Mit ihrem Motto “Keine Minute zu verlieren im Kampf gegen Rechts” zeige die Initiative laut Chrupalla ihr problematisches Verständnis: “Dass ein ganzes Segment des demokratischen Spektrums, nämlich der sogenannte rechte Teil, diskriminiert wird derart aggressiv delegitimiert.”

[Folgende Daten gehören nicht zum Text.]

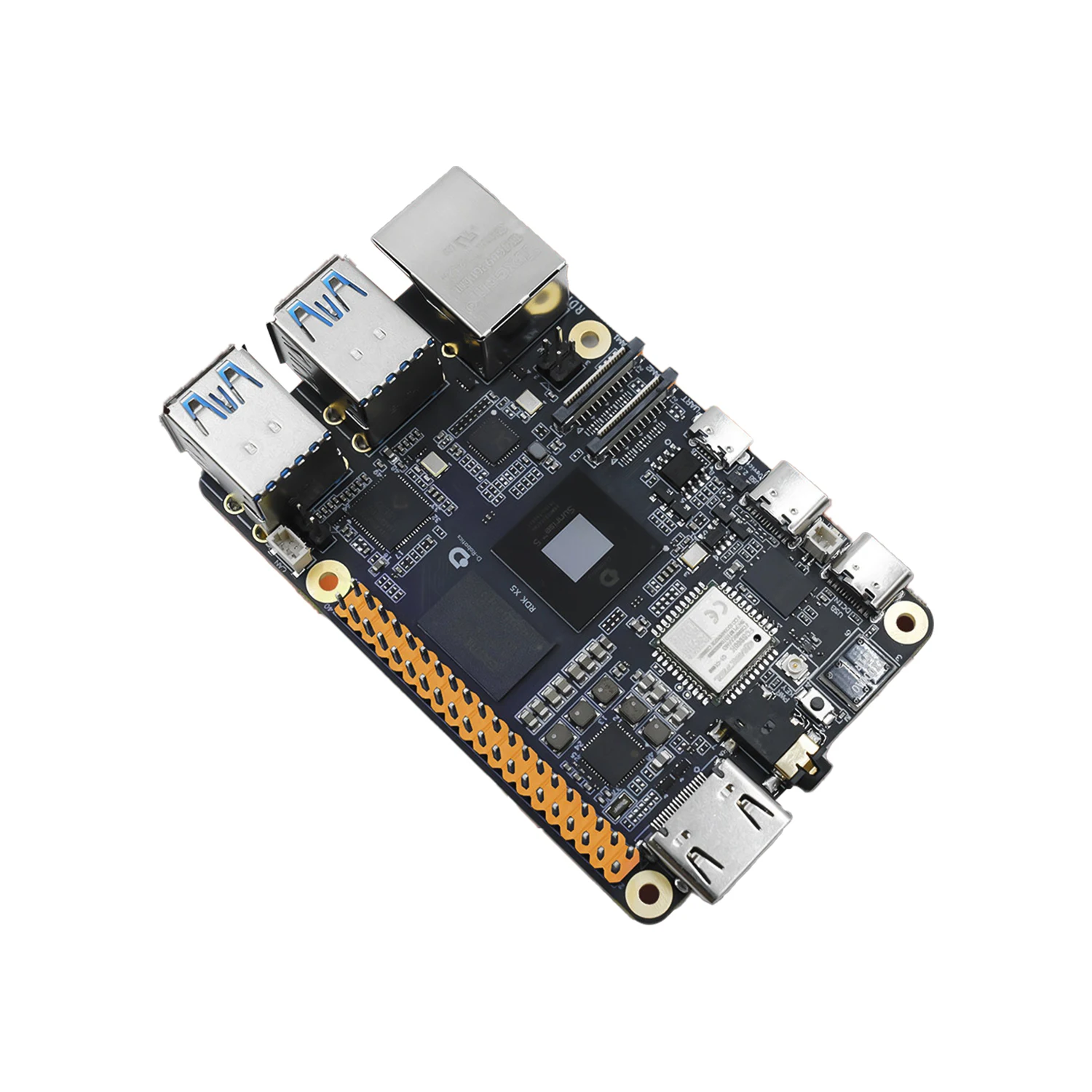 Kit de Desarrollo de Robots D-Robotics RDK X5, 8GB de RAM, Chip Sunrise 5 con IA para Modelos Grandes, 10TOPS, Octa-core Cortex A55 para Proyectos de Computación de Borde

Die Rolle der Neuen Rechten

Antonios Souris sieht das anders. Der Politologin von der Freien Universität Berlin skizzierte gegenüber der DW die seit langem beobachteten Versuche der sogenannten Neuen Rechten, “ihre Positionen intellektuell zu untermauern und den Diskurs in die gewünschte Richtung zu lenken”. Journalistische Recherchen haben ein Netzwerk neurechter Denkfabriken und Verlage aufgedeckt: „Schlüsselorganisationen in diesem Netzwerk werden vom Verfassungsschutz als mutmaßlich oder bestätigt rechtsextremistisch eingestuft.“

Auch Souris äußerte Zweifel an den Äußerungen der DES-Vorsitzenden. „Die Glaubwürdigkeit von Erika Steinbach, sich als Angehörige des bürgerlich-konservativen Lagers klar vom rechtsextremen Spektrum abzugrenzen, ist durch ihre Äußerungen, insbesondere auf Twitter, drastisch geschmälert worden.“

Um das Problem nach eigenen Vorstellungen zu lösen, haben die anderen Bundestagsfraktionen 2022 eine Denkschrift zu finanziellen Zuwendungen an politische Stiftungen verfasst sind der freiheitlichen und demokratischen Grundordnung im Sinne des Grundgesetzes verpflichtet und setzen sich für ihre Einhaltung ein.” Nur die AfD glaubt, dass der DES sich darauf verlassen kann, dass er dies einhält.

Nach dem Urteil des Bundesverfassungsgerichts muss der Bundestag nun endlich ein Gesetz verabschieden, das regelt, wie parteinahe Stiftungen öffentliche Gelder erhalten.